The Decision All Men Have to Make that’s Killing Them

Why men are often stuck between being a dude and being good dude.

So I’m at a bachelor party. Everybody’s chatting up some ladies and there’s this moment where a beautiful woman flirting with my buddy suggests they “get intimate” at his place. Other guys in the group are stoked for him, saying things like, “There you go! Get it!” My buddy declines her suggestion and takes a ton of heat from the group: “C’mon man … why not?” He offers some valid reasons and eventually everyone backs off.

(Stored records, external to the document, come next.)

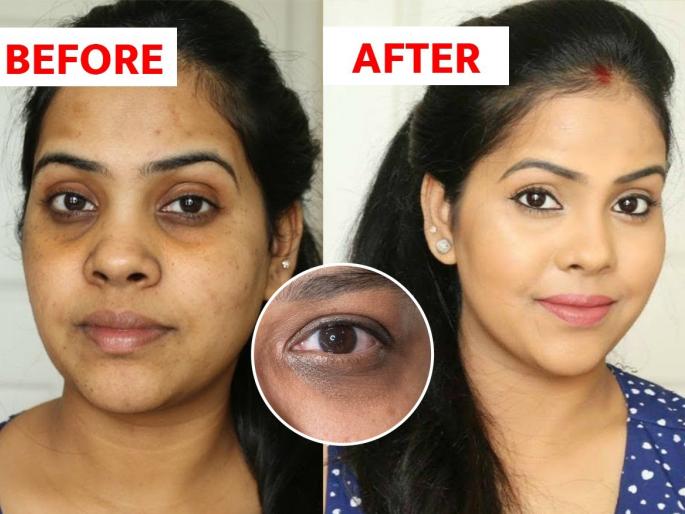 Dark circles: See 3 ways to reduce dark circles, easy home remedies must try | Dirk circles : डोळ्याखालील काळ्या त्वचेचे नेमके काय करावे? पाहा डार्कसर्कल्स कमी करण्यासाठी ३ उपाय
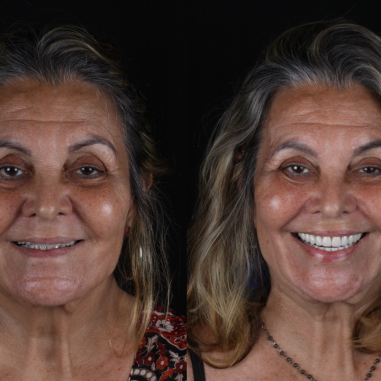 https_drveit.com.br_casos-clinicos_reabilitacao-oral-com-implantes-zigomaticos-3__1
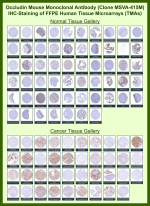 Occludin Mouse Monoclonal Antibody (MSVA-415M) tested on many normal and cancer tissues. The immunohistochemistry staining in these tissues aligns with the expression data in Human Protein Atlas. <br><br>Manual Protocol: Freshly cut sections should be used (less than 10 days between cutting and staining). Heat-induced antigen retrieval for 5 minutes in an autoclave at 121oC in pH 7.8 Target Retrieval Solution buffer. Apply the antibody at a dilution of 1:150 at 37oC for 60 minutes. Visualization of bound antibody by the EnVision Kit (Dako, Agilent) according to the manufacturer's directions.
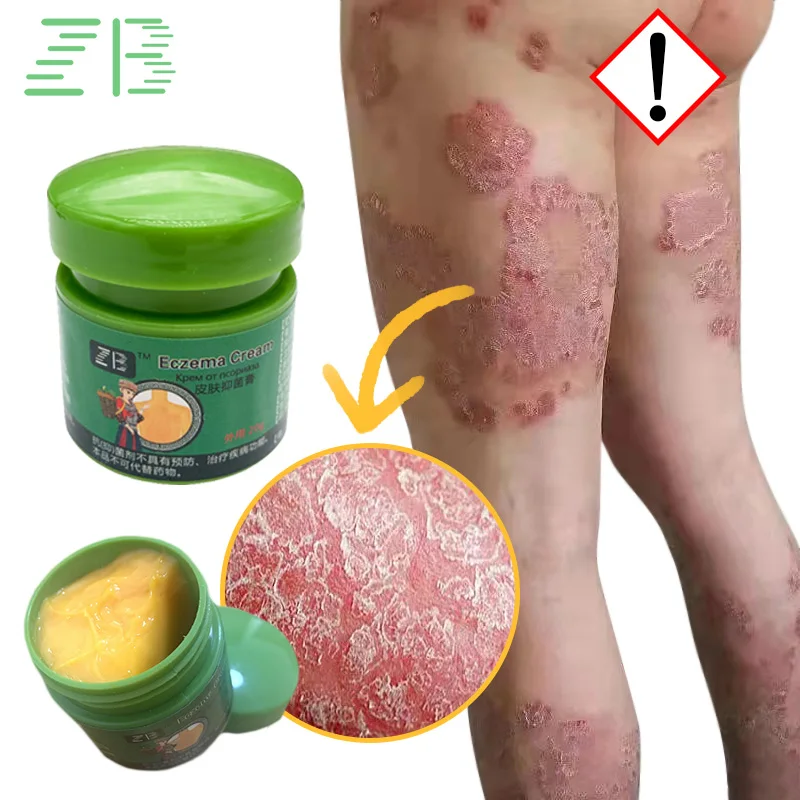 

Крем при псориазе дерматите экземе, 20 г, антибактериальная мазь, эффективное средство против зуда для здоровья и ухода за кожей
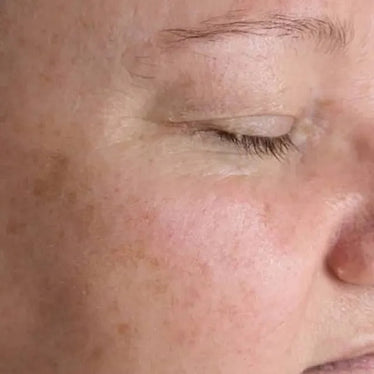 Pigmentation After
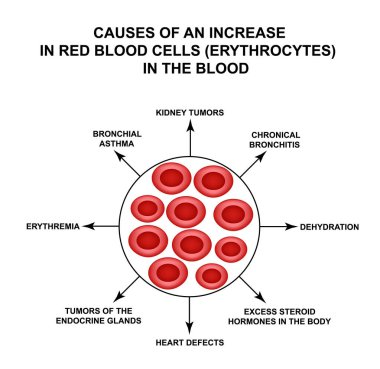 Artan kırmızı kan hücrelerinin nedenleri. Hücre eritrositleri. Hemoglobin. Kırmızı kan hücrelerinin yapısı. ınfographics. Yalıtılmış arka planda vektör çizimi.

But in that moment, he had to make a decision: do the thing he wanted and thought was best or do the thing that would make him “more of a man” in front of his bros.

Here’s why that sucks.

What we know from research is that endorsing or conforming to “norms” of masculinity that psychologists have identified (like guys restricting emotions, acting tough, taking risks, etc.) is related to whole host of crap. The more guys believe or conform to these stereotypes the more likely they are to: abuse substances, be aggressive and violent, have psychological stress, be sexist/have negative attitudes towards women and sexual minorities, take dangerous risks with health issues and not seek help, have higher blood pressure levels, have low self-esteem, be more anxious and depressed, and have more relationship and family problems.

Well shit.

Now let’s go opposite here. Let’s take the opposite of these so-called “masculine norms.”

Masculine norm = restrict emotions / Opposite = feel and express emotions.

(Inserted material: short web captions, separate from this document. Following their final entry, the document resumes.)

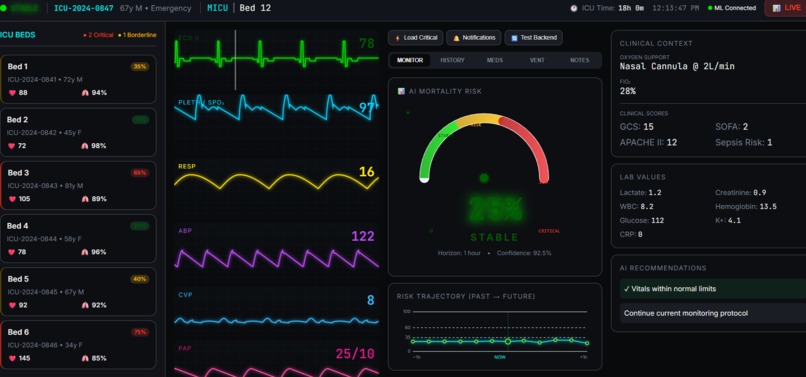 smart  machine  learning icu project – screenshot 1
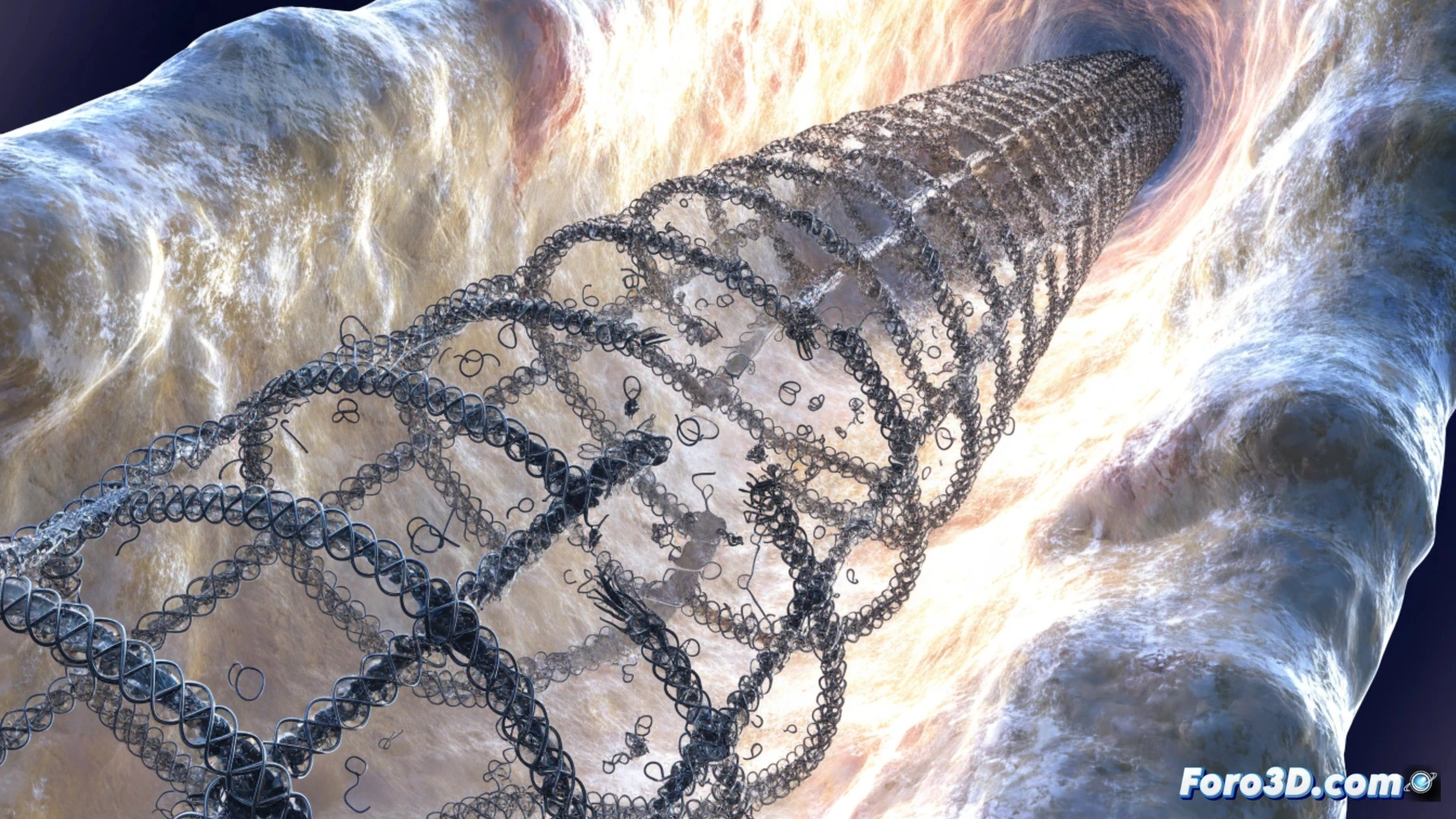 Stent traqueal fracturado en modelo 3D para análisis de fatiga y planificación quirúrgica de extracción segura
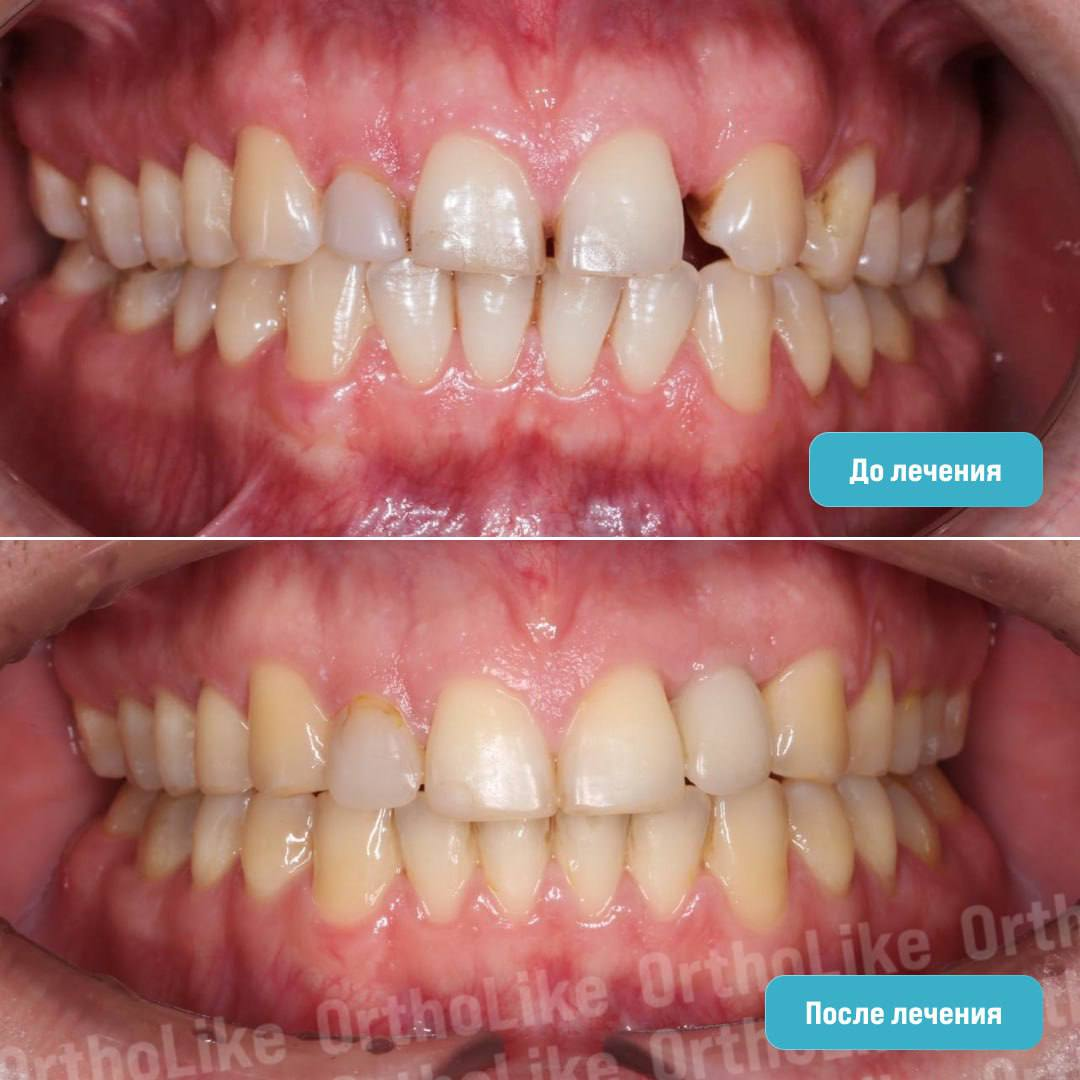 До и после ортодонтического лечения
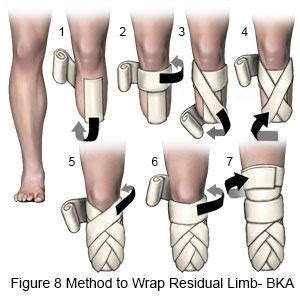 Amputations And Prosthetics Ch Flashcards Quizlet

Norm = default to anger, aggression, violence / Opposite = stay calm, resolve conflict without violence.

Norm = “take charge,” act tough / Opposite = be collaborative and don’t put up a front.

Norm = sex is priority / Opposite = healthy relationships are way more than sex.

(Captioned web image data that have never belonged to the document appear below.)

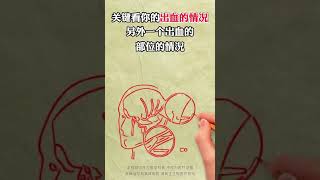 高血压以后脑动脉硬化，血管破了能恢复正常吗？#中医 #健康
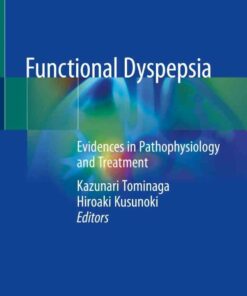 Functional Dyspepsia: Evidences in Pathophysiology and Treatment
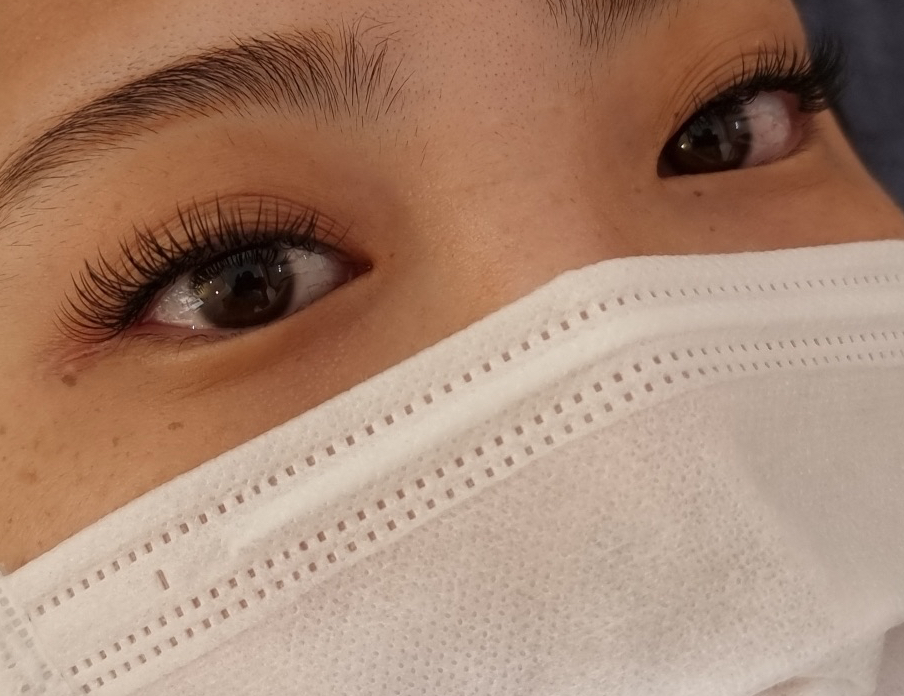 네일 더, 눈부심 이미지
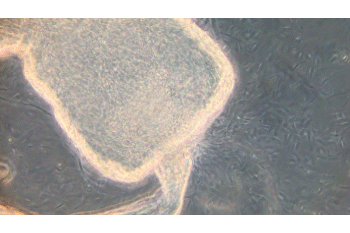 parasites that cause leishmaniasis coming out of a sand fly's gut, where they live
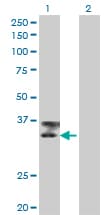 TTN / Titin Antibody (clone 6H5)
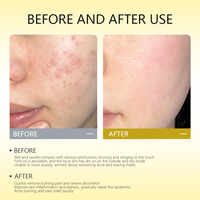 Planche de massage Gua Sha pour le visage, éclaircissement de la peau, contrôle du sébum, anti-inflammatoire, réduit les gonflements, tous types de peau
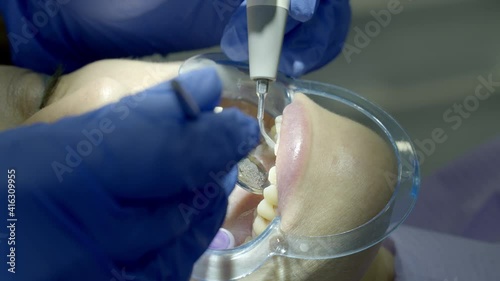 teeth alignment in the clinic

Norm = avoid seeking help / Opposite = use resources to be better.

So here’s the thing. Research shows us that all those opposites are way better for men’s health and relationships. It’s obvious that utilizing resources (like healthcare treatment) leads to better outcomes than not. We know healthy intimacy includes more than just sex. The most effective teams and organizations rely on authentic role players more than fake leaders. Violence resolving conflict usually leads to more violence and conflict. Staying calm is better than blowing up. Expressing and regulating emotions in healthy ways is a huge part of a bunch of empirically supported health treatments.

Conclusion: a lot of masculine norms are related to worse outcomes than their opposites.

This means men are often left with a lose-lose dead end: choose the thing that will be better for them or choose the thing that makes them look and feel more like a man.

That’s the choice my buddy had to make when he turned down that woman. That’s what most guys have to choose between in a lot of situations. Take Kid Cuddy. It took a spiral down before he was able to reach out for emotional support and health treatment. What if he had an option when he started feeling depressed and started using again that was both best for his health and boosted his masculine identity. How about an option that’s something like, “You gotta man up and share how you’re doing with your bros,” or, “Quit being weak sauce and get yourself into some treatment.” These seem counterintuitive to our default norms but they’re the third options we must somehow necessarily embrace.

We can’t keep guys at the dead end of choosing to do what’s best or doing the thing that’ll throw a blow to his masculine front. There has to be a third option.

For healthy masculinity to be a thing, we’ve got to quit making guys choose between what’s good for them and what it takes to man up. What is good and what is masculine need to be the same thing. At the fork in the road, we have to figure out how to walk straight ahead.

 

*Why: Men are taught a lot about what it means to be a man. Psychological research provides a bunch of evidence for what aspects of “masculinity” can be harmful and helpful. Here we aim to shed light on some of these findings and provide ways for men to become better men (without being intellectual pricks about it).